Obama is not naive and he is well aware of the difficulties and dilemmas he would face as president. Clinton believes she is already tried and tested. Either would have to govern in a turbulent and dangerous world. But both seem willing to practise conciliation, co-operation, multilateralism, working through the United Nations and other international institutions. Moreover the presence of either in the White House would reveal to the world a different, friendlier and more idealistic America.

It is possible the inspiration could soon evaporate if the Republican candidate for the presidency seeks to play on the fears of white Americans and those who do not want a woman as president.
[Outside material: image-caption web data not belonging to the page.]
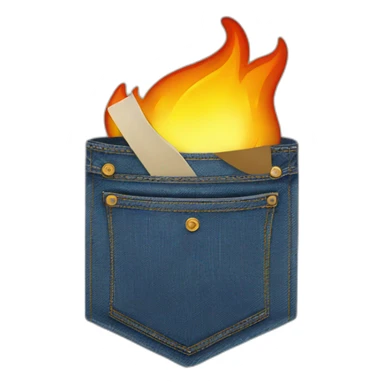 denim pocket on fire sticker
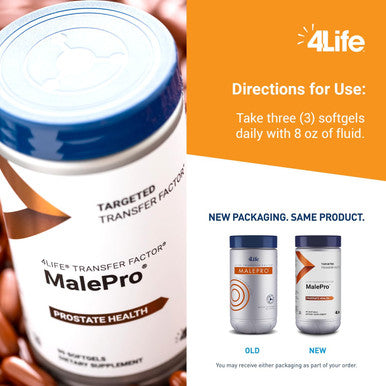 4Life Transfer Factor MalePro - Targeted Healthy Prostate Support with Saw Palmetto Lycopene Selenium and Kudzu - Supplement Supports Immune System and Urinary Tract Health - 90 Softgels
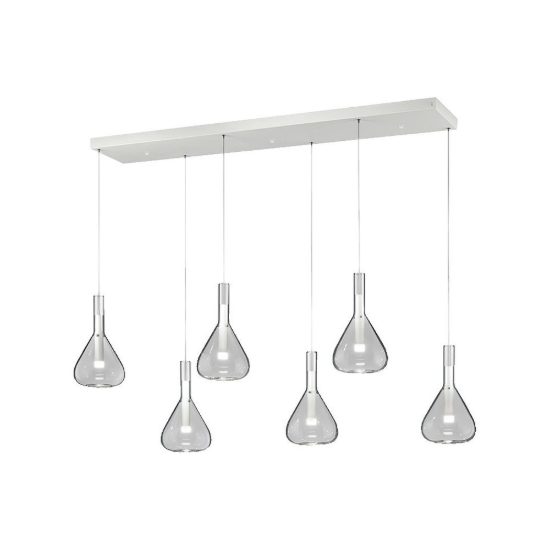 Lampadario a sospensione 6 luci led 33,6w 2000k 4000k dim to warm bianco con vetri trasparenti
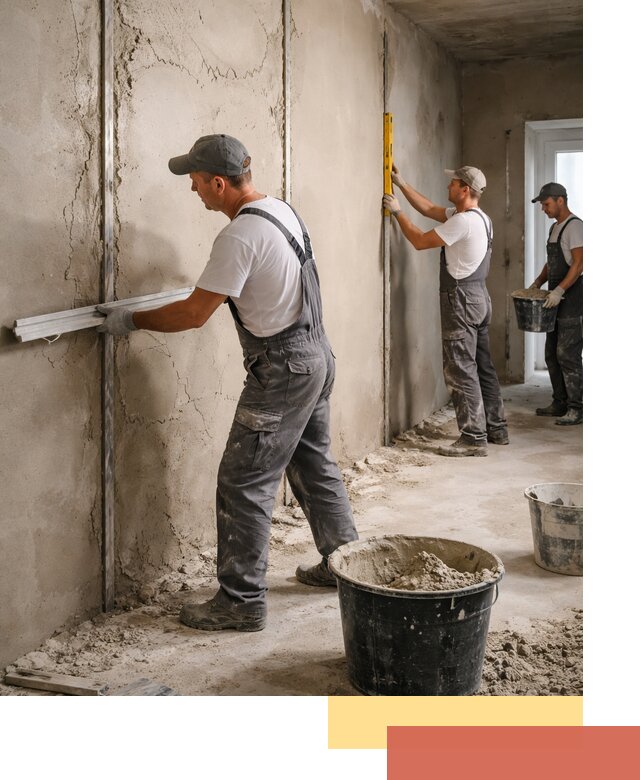 Штукатурка стен по маякам в Таганроге — точная и ровная поверхность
That party’s attack machine has a well-deserved reputation for its mendacity and ruthlessness. It can be guaranteed to go for Obama as a subversive threat to the American way of life and denigrate Clinton with an undertone of sexism and misogyny. It is going to be a long and hard road – whoever wins the Democratic nomination.
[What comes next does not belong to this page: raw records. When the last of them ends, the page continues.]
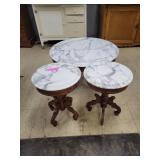 Three-Piece Marble Top Table Set with Wooden Bases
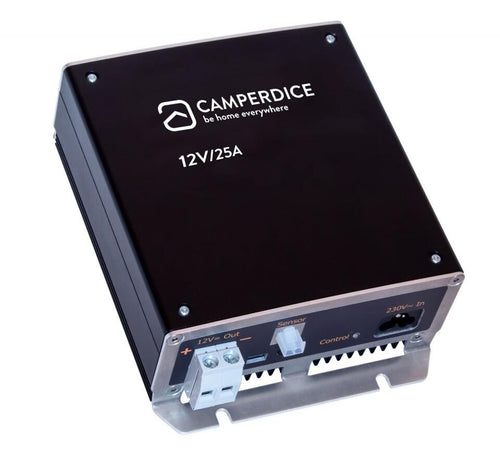 Batterilader 12V 25A lüftefri med aluminiumskabinett - Camperdice forfra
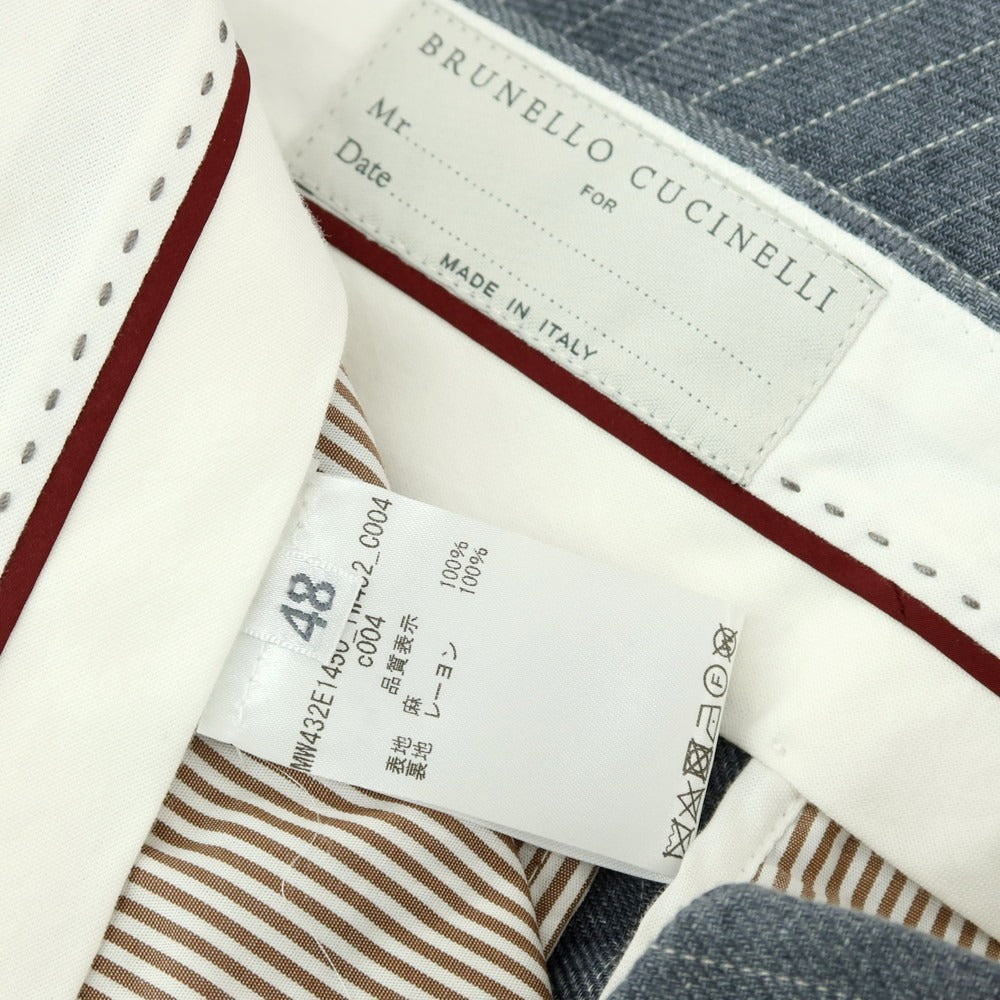 【中古】ブルネロクチネリ Brunello Cucinelli リネン ピンストライプ カジュアルスラックスパンツ グレー【サイズ48】【 状態ランクB 】【 メンズ 】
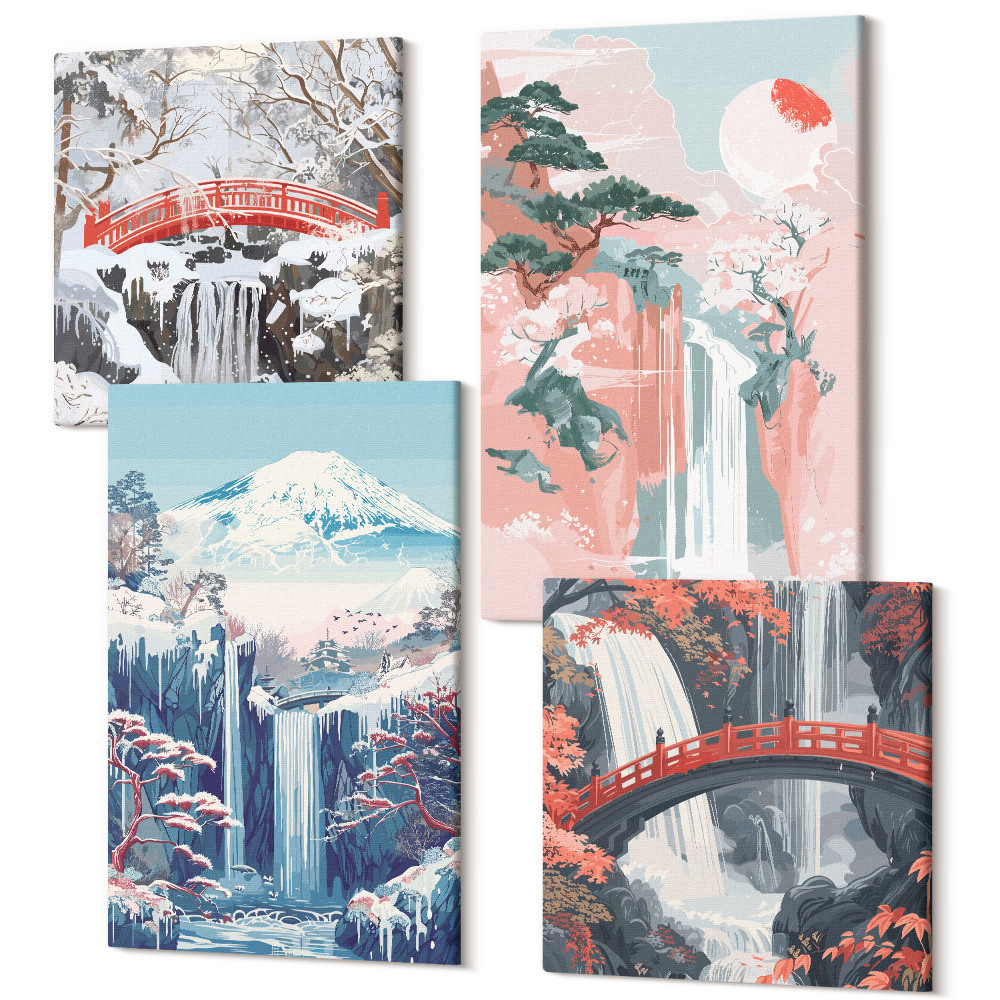 Tablouri canvas set 4 piese Cascade de munți cu un pod și copaci înfloriți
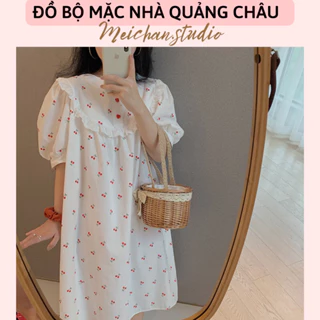 [ ORDER QC ] Đồ Ngủ Style Hàn Quốc - Váy Ngủ Dáng Suông Chất Thô Hoạ Tiết Cherry Cộc Tay Phối Bèo Ulzzang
This is why November 2008 could go down as one of the most decisive contests in American history, comparable to 1860 when Abraham Lincoln was elected president, 1932 when Franklin Roosevelt won and 1980 when Ronald Reagan declared it was morning again in America and created the inequitable and divisive nation with which the Clintons and their New Democrats collaborated.

But there remains one growing danger that no one – except Edwards – is talking about at the moment in the American primaries – the spectre of a severe economic recession. The avarice and recklessness of the financial elites is threatening to destabilise the economic system. The current promise of Clinton or Obama cannot be denied, but the grim economic and social realities of 2008 are going to test their resolve and that of their party in the months ahead – even if it makes November’s presidential election one that is for the Democrats to lose.